Anyway, back to my meal planning. I’m a big believer in doing things once, meaning when I cook something I cook a lot of it and use the leftovers to create a different dish later on in the week. The leftovers of a Sunday roast can be turned into fajitas, BBQ Beef Sandwiches, beef stroganoff, beef pot pie, etc. Baked potatoes can later be used as hashbrowns, the crust of a quiche (I promise to post the recipe soon Crab Apple Farms!), twice baked potatoes, funeral potatoes – well you get the idea.
I’ve also learned that making a lot of side dishes spreads out the main dish thus cutting down on the amount of costly meat typically used in the main dish. Think about those church potlucks when there are so many choices so you get a little bit of most things like everyone else but there are still leftovers. And breads. We love all types of bread at our house – breadsticks, tortillas, rolls, muffins, you name it! I typically bake 16 loaves of bread a week – 8 loaves of white bread and 8 loaves of whole wheat. Warm bread, dripping with melted butter and a little homemade strawberry jam…doesn’t get much better than that!

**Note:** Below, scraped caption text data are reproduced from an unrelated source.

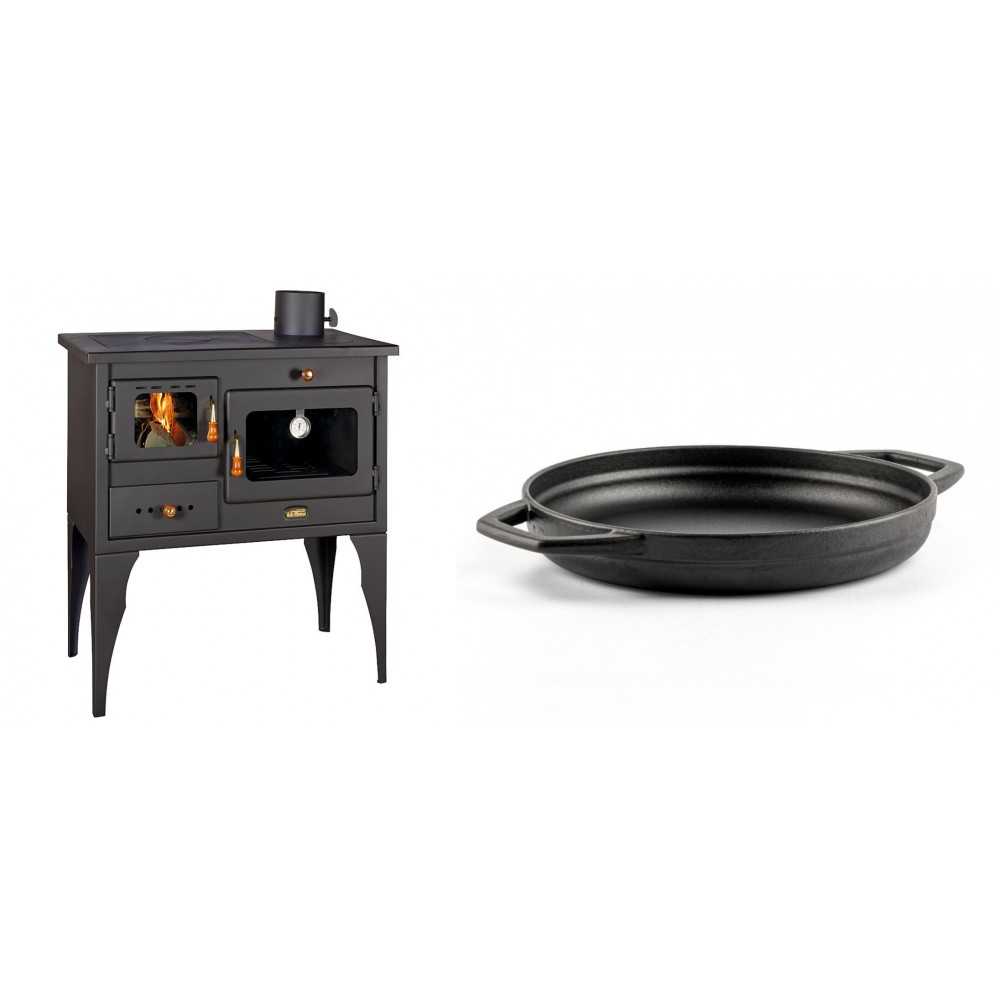 Set Küchenofen / Küchenhexe Prity mit Backofen und Kochplatte, Modell 1P34L, Leistung 10.1kW, Füße + Emaillierte gusseisenpfanne mit zwei Griffen Solagio, Black Onyx, Ф22cm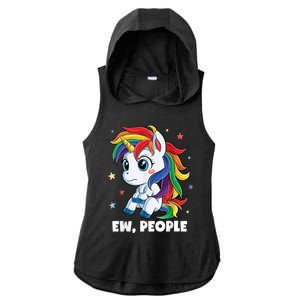 Unicorn Ew People Girls Kids Funny Rainbow Unicorns Ladies PosiCharge Tri-Blend Wicking Draft Hoodie Tank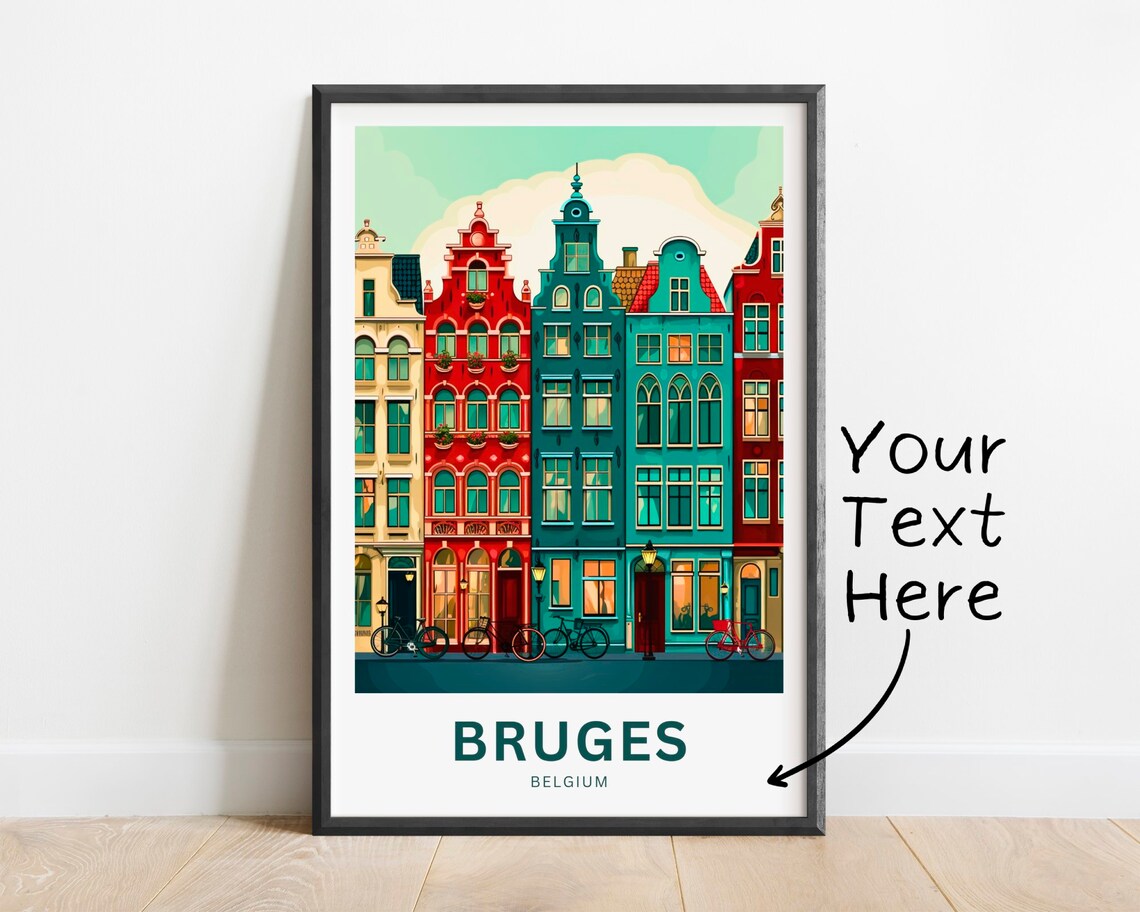 Bruges Belgium Colorful Canal Houses Personalized Travel Poster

After creating our menu I make a list of the ingredients we need to get at the grocery store. I also stock up on pantry items if they happen to be on sale. I estimate how much it will all cost trying to keep it all under $100. Some weeks are better than others. The summertime is the best because of the fresh veggies we grow in the garden. I then rearrange my list according to how the store is set up. Believe me, when you have to go grocery shopping with seven kids in tow it’s much better to map out our route through the store before getting there. It also helps to cut down on those impulse buys.
So that’s how we meal plan at our house. It really only takes about 15 minutes, 30 minutes at the most to do. Sorry I don’t have any recipes except the bread ones to share. I promise to start taking pictures of our favorite dishes and post the recipes soon.